M. Bayle ignorait la véritable cause de sa disgrâce : ses juges ne trouvèrent pas à propos de l’en informer. Il ne soupçonna jamais qu’elle pût venir de certaines circonstances relatives à la situation des affaires publiques ; cependant c’est ce qui y donna lieu. La France, victorieuse de tous côtés, commençait à se lasser de la guerre. Les efforts qu’elle avait faits pour se rendre supérieure à ses ennemis l’avaient épuisée d’hommes et d’argent. La paix lui aurait été avantageuse, et elle fit toutes les démarches possibles pour l’obtenir. Elle avait fait proposer en 1692 à l’empereur, au roi d’Espagne, et au duc de Savoie par le pape et par quelques princes neutres ; mais on n’avait point écouté ses propositions. Se voyant rebutée de ce côté-là, elle voulut sonder les Provinces-Unies, et se servit de M. Amelot, son ambassadeur en Suisse, pour faire connaître ses intentions à quelques personnes qui étaient en crédit. Elle promettait aux états une forte barrière pour couvrir leur pays, une pleine et entière liberté pour le commerce, et tous les autres avantages qu’ils pourraient désirer. M. Halewyn, bourgmestre de Dort, séduit par de si grandes promesses, entra dans une espèce de négociation avec M. Amelot à l’insu de l’état.
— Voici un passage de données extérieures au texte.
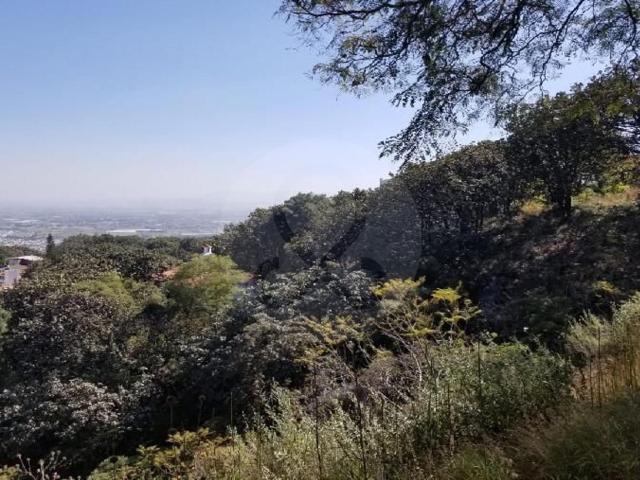 TERRENO EN VENTA EL PALOMAR TLAJOMULCO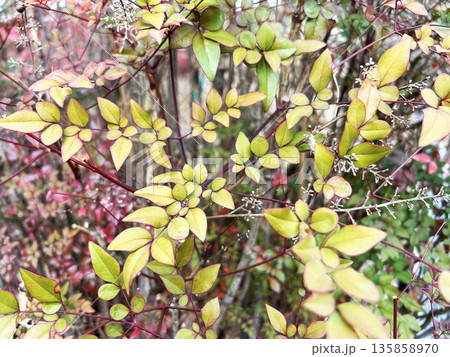 色鮮やかなナンテン 135858970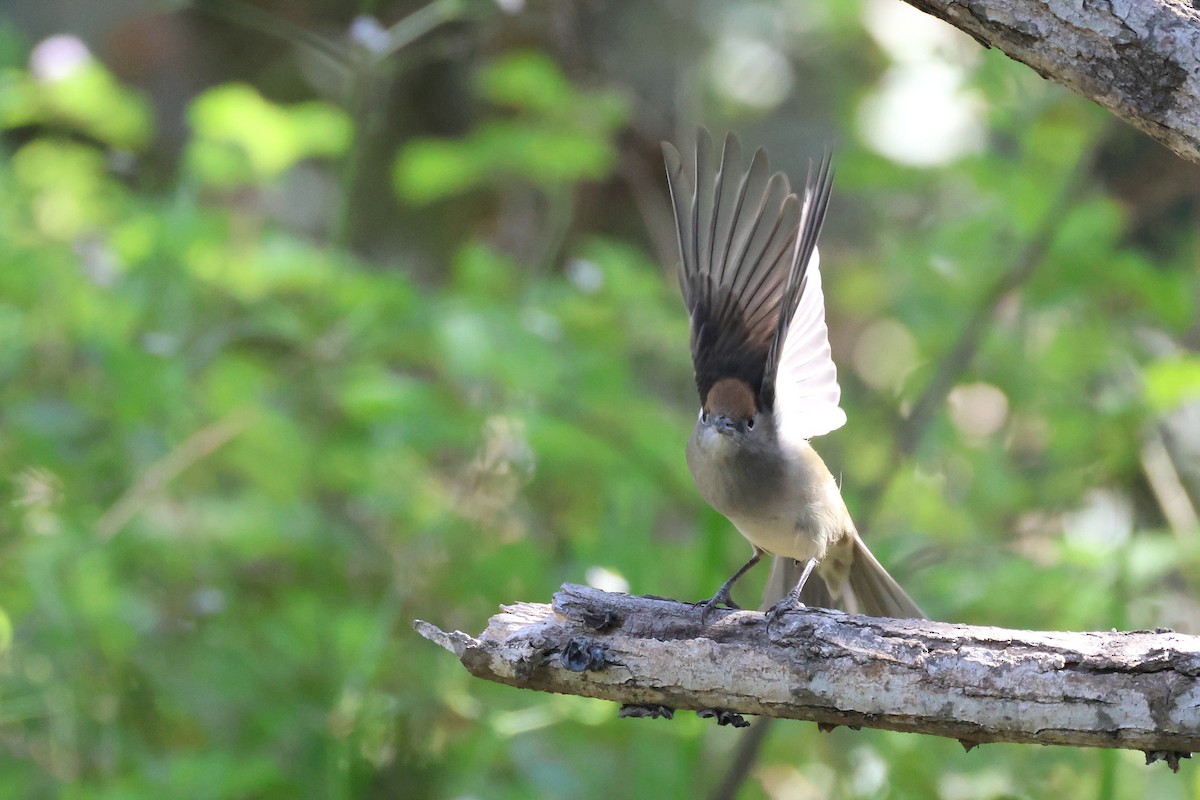 Eurasian Blackcap - ML646854182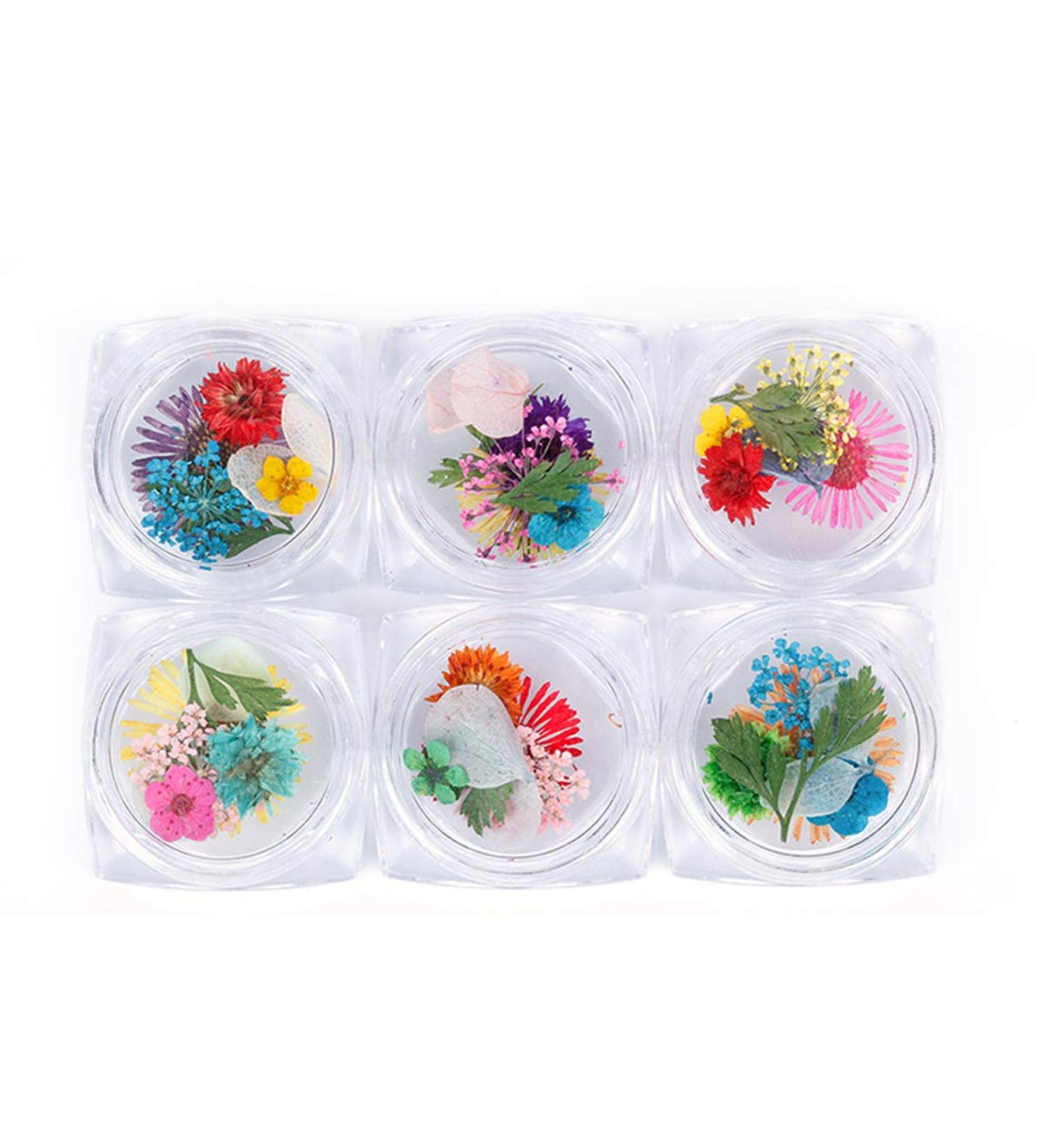 Dry Flower Nail Art Real Flowers for Nails 3D Nails Stickers with Nature Dry Flowers in Mix and Match - Buy Online on GoSupps.com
Le roi Guillaume en fut informé, et on arrêta M. Halewyn avec son frère qu’en regardait comme son complice. M. Bayle en parle dans une de ses lettres à M. Minutoli. « On n’a su au vrai, dit-il [1], ce que c’était que l’affaire de ces messieurs, que par la sentence des juges ; car pendant l’instruction du procès, le secret a été grand. On a trouvé que M. Halewyn, conseiller, n’a été mêlé en rien ; mais son frère, bourgmestre de Dort, a été trouvé coupable d’avoir eu commerce avec M. Amelot, ambassadeur de France en Suisse, pour négocier la paix en ce pays-ci. Il a avoué cela et prétendu que c’était le devoir de tout bon patriote de travailler à la cessation d’une guerre si ruineuse ; qu’il n’était point de seul qui eût écouté les propositions de la France ; et qu’il avait fait part de tout ce qu’il en savait à celui à qui d’autres avaient fait ces propositions. Quoi qu’il en soit, il a été condamné à une prison perpétuelle, et à la confiscation de ses biens. On n’a pas imprimé dans la sentence toutes les réponses et justifications qui avaient été insérées dans la minute de la sen-

  1. Lettre du 14 de septembre 1693, pag. 521, 522.